WHAT TO WORK ON:
Only the lines from the one holding "WB analysis of" through the end of the material are to be repeated, exactly and without pictures.

RECORDS SHOWN:
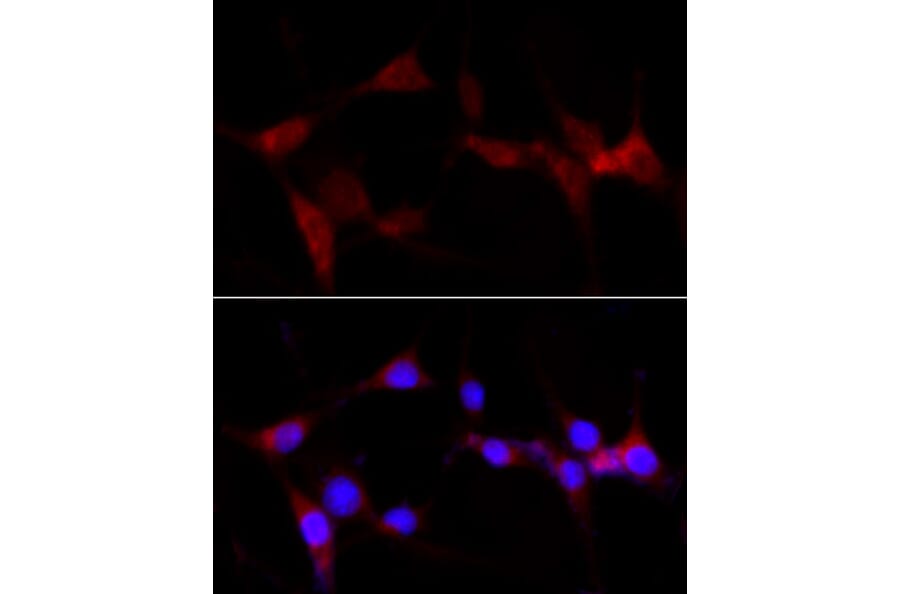 Immunofluorescence - Anti-CYP1B1 Antibody (A13441) - Antibodies.com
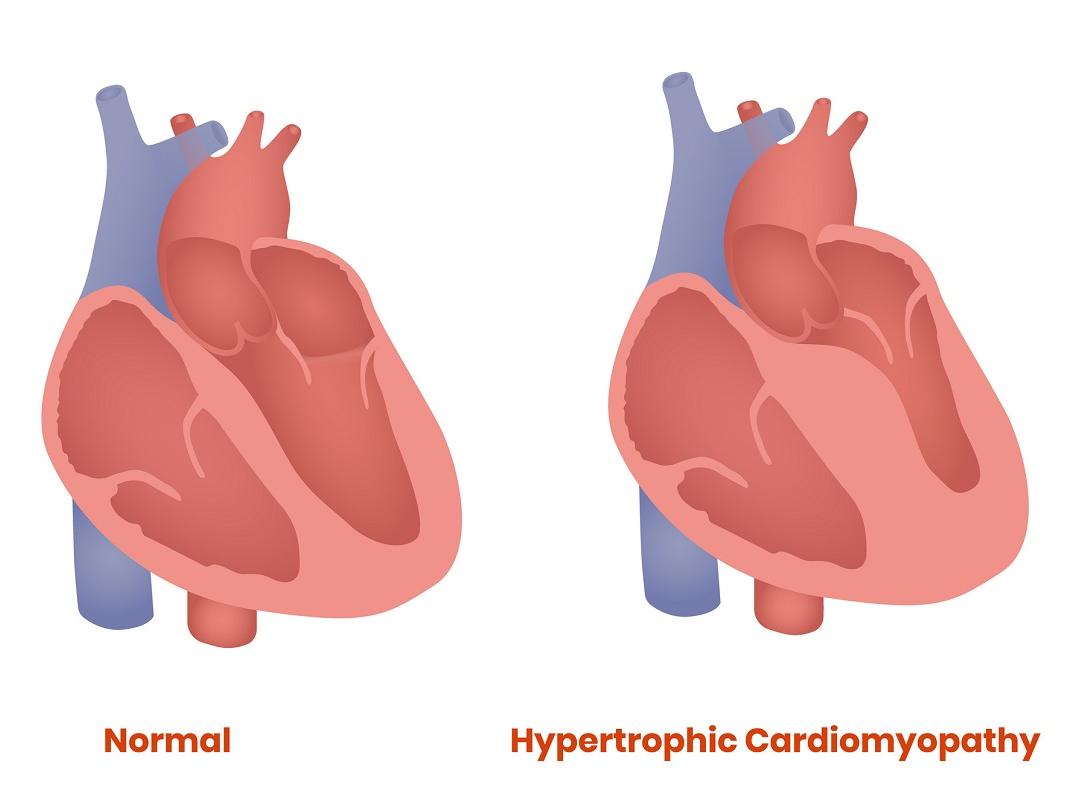 Normal heart and hypertrophic heart are shown in an illustration.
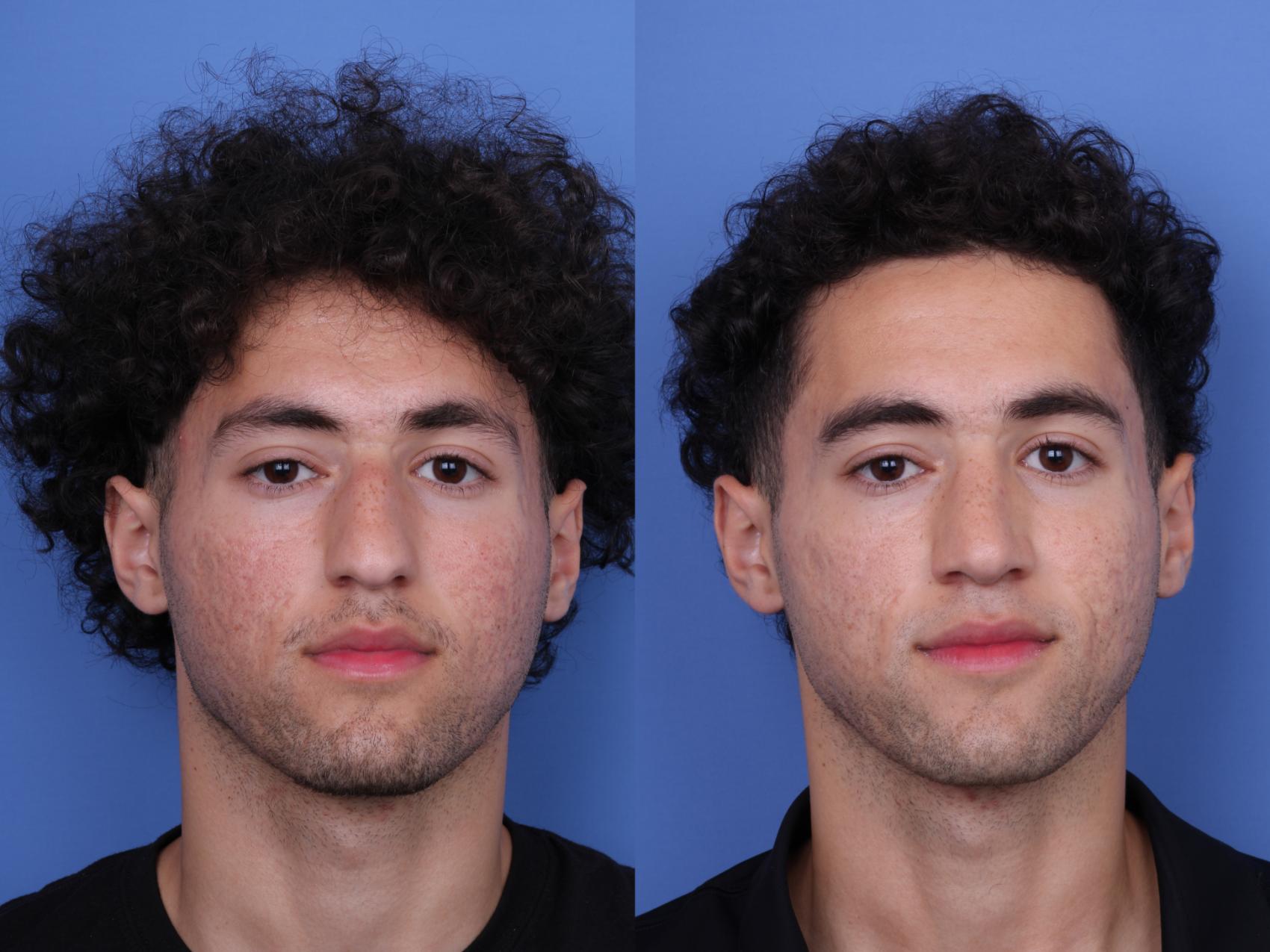 Before & After Ethnic Rhinoplasty Case 682 Front View in Scottsdale, AZ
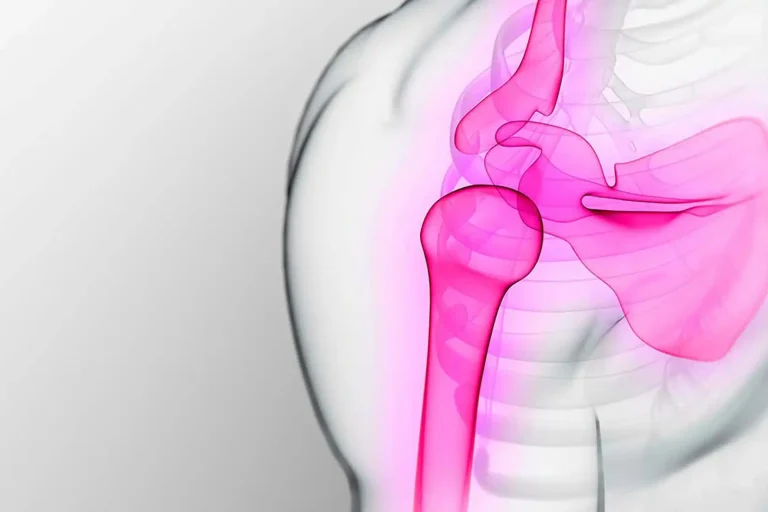 Cas client Polynomik : Epaule au TOP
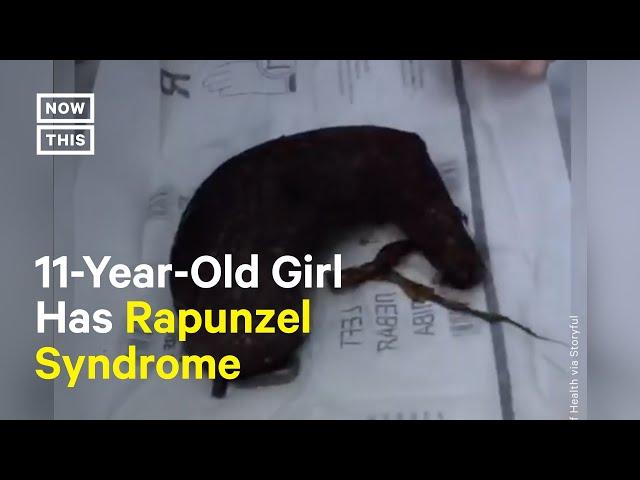 Doctors Remove 6+ Pounds of Hair from Girl’s Stomach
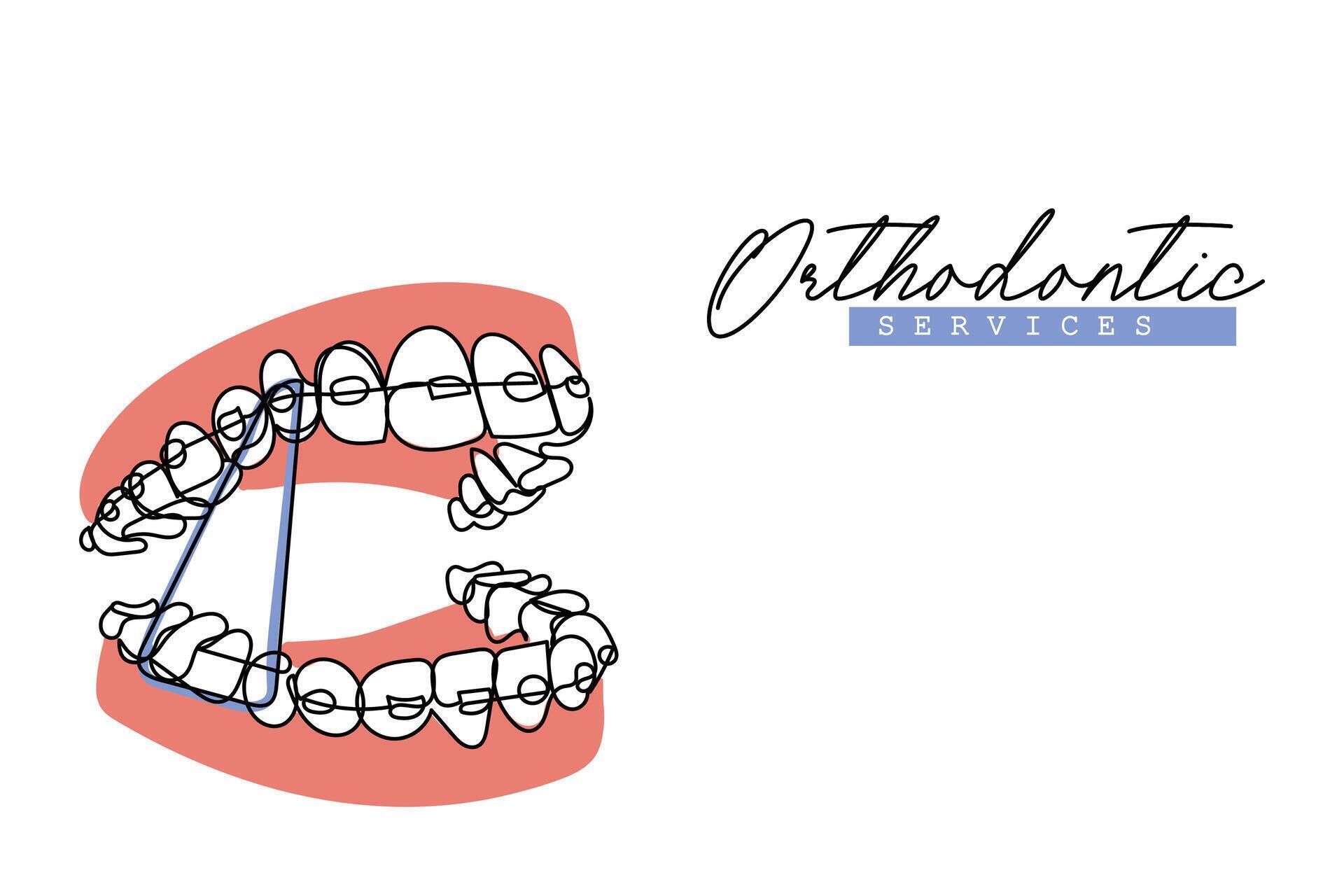 Continuous line art of Orthodontic treatment. Dentists day and respect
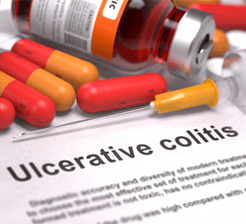 Ulcerative colitis concept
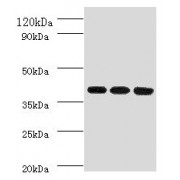 WB analysis of (1) HepG2 whole cell lysates, (2) Mouse Liver Tissue, and (3) A549 whole cell lysates, using FCGRT Antibody (2 µg/ml). Predicted band size: 40 kDa. Observed band size: 40 kDa.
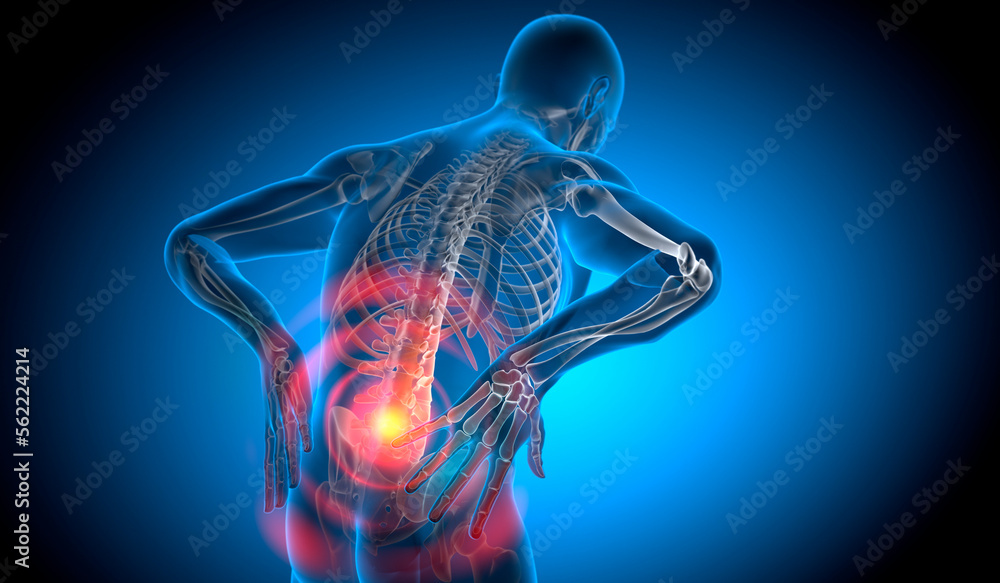 X Ray 3D Rendering - Man with severe pain in the lower spine and ...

SOLUTION TO THIS TASK:
 WB analysis of (1) HepG2 whole cell lysates, (2) Mouse Liver Tissue, and (3) A549 whole cell lysates, using FCGRT Antibody (2 µg/ml). Predicted band size: 40 kDa. Observed band size: 40 kDa.
 X Ray 3D Rendering - Man with severe pain in the lower spine and ...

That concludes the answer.